Percebi que, em breve, ela ganharia mobilidade e o
meu trabalho de “stay at home mommy” ia ficar mais complicado, compreendi que
trabalhar numa dissertação com uma criança e uma casa aos nossos cuidados era empreitada
mais trabalhosa do que havia previsto, acima de tudo, pressenti que as suas
necessidades de interacção com outras crianças iam aumentar, e que ela
necessitaria de estímulos que a opção “continuar em casa com a mãe”, na minha
opinião, ia deixar de satisfazer inteiramente. Também devo confessar que comecei
a sentir necessidade do meu espaço, aparte do dela, até porque o meu marido
trabalha numa consultora e os horários dele sempre foram complicados e
imprevisíveis.
Havia chegado a altura de pesar as minhas opções e
enfrentar o fantasma da separação... Confesso que não foi nada fácil! A ideia
de me separar dela, quando ia continuar em casa, embora estivesse a trabalhar
na dissertação (cujos prazos começavam a tornar-se dolorosamente reais),
pesava-me na consciência (a maldita culpa), mas, com uma boa dose de diálogo,
interno e externo, apercebi-me que seria melhor, para ambas, lidarmos com o
inevitável: a separação.
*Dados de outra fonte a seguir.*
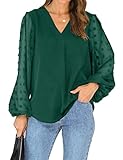 Blooming Jelly Womens Black Blouse V Neck Lantern Sleeve Chiffon Swiss Dot Business Casual Tops...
Coloquei três hipóteses:
1) Deixá-la aos cuidados da empregada - ainda
tentei, mas não conseguia relaxar o suficiente quando estava fora de casa (a
pessoa em causa não me inspirava confiança suficiente e, passada uma semana, começou
a pedir-me 1h30 de almoço, o que, a longo prazo, ia tornar-se impraticável; ademais,
estava a assistir a casos na família, e fora dela, em que a pessoa que estava a
tomar conta da criança, pura e simplesmente, mudava de emprego, sem apelo nem
agravo, e achei que isso teria consequências desastrosas).
2) Deixá-la aos cuidados de familiares - contudo,
os meus pais trabalham e os meus sogros (que são socialmente mais activos do que eu e o meu
marido, juntos) não se quiseram comprometer a ficar com ela todos os dias, durante
as horas normais de um infantário (das 9h às 17h); ademais, a questão da interacção com
outras crianças, e a necessidade de outros estímulos (nomeadamente, aulas de
locomoção e de expressão musical com pessoas especializadas), mantinha-se.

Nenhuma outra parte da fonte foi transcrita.